EU Ministers reach deal on exchange of air passenger data
EU governments and the European Parliament drew years of wrangling over security forces’ use of airline passenger data toward a close on Friday (December 4) by agreeing to a compromise deal with the legislature.
Luxembourg Interior Minister Etienne Schneider, who chaired the council of 28 governments in Brussels, made the announcement at a news conference after the meeting.
“I am hereby proud to confirm that, after some many years of discussions, we finally managed to reach an agreement on a European PNR (Passenger Name Record) on the Council’s side,” Schneider told reporters.
The dispute over the retention and sharing of passenger name records became a shibboleth in Brussels.
Islamist attacks in Paris this year, in January and last month, lent impetus to France and other governments to press the EU parliament to relent. German lawmakers in particular have been wary of mass data collection, recalling historic abuses and new revelations about U.S. surveillance. However, a new proposal from legislators this week won interior ministers backing.
The deal foresees data being available to other countries’ security agencies for six months and stored and available under stricter rules for a further four and half years.
A French call for the rules to apply not only to flights to and from non-EU countries but to internal EU flights was left in the deal as an option.
PNR includes name, travel dates, itinerary, ticket details, contact details, travel agent, means of payment, seat number and baggage information. Many police forces already collect it and many European states share it with each other and with countries outside Europe. But the lack of a common EU system, including data formats, has been seen as hampering European security.
Speaking before the meeting, French Interior Minister Bernard Cazeneuve said before the meeting the PNR would be an effective tool to track militants flying to and across Europe.
“France has been mobilized for many months to obtain this tool that is indispensable in the fight against terrorism because terrorists take flights inside Europe and we must establish traceability of their return so that we can prevent terrorist risks,” Cazeneuve said at his arrival at the Council.
Also speaking before the meeting, German Interior Minister Thomas de Maiziere called for the bloc’s border agency, Frontex, to be given responsibility for controlling a frontier with a non-Schengen if a member state failed to do so.

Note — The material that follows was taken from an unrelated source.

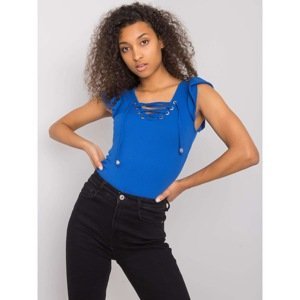 Dark blue blouse with lacing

“Frontex needs to be strengthened. Germany and France have started an initiative to achieve this. The Commission will put forward a proposal in December with the goal that, when a member state is unable to control its borders effectively, then Frontex would take over,” Maiziere said.
Maiziere added France and Germany were pushing for the creation of a permanent European Border and Coast Guard — a measure the European Commission has confirmed it will propose on December 15.
Greece has come under heavy pressure from states concerned about Schengen this week to accept EU offers of help on its borders.
A dramatic increase in EU powers over national territory would be deeply controversial in much of Europe. On Thursday, Danes, who are part of the Schengen zone, heeded Eurosceptic calls and voted against giving their government power to deepen its cooperation with the EU policy agency.
The European Union faces another test over the next two years as Britain, its second biggest economy, prepares to hold a referendum on whether to quit. Although not a member of the 26-nation Schengen zone, and so unaffected by increased powers for EU border guards, increasing Brussels’s say over security policies in Schengen states might fuel the campaign to leave.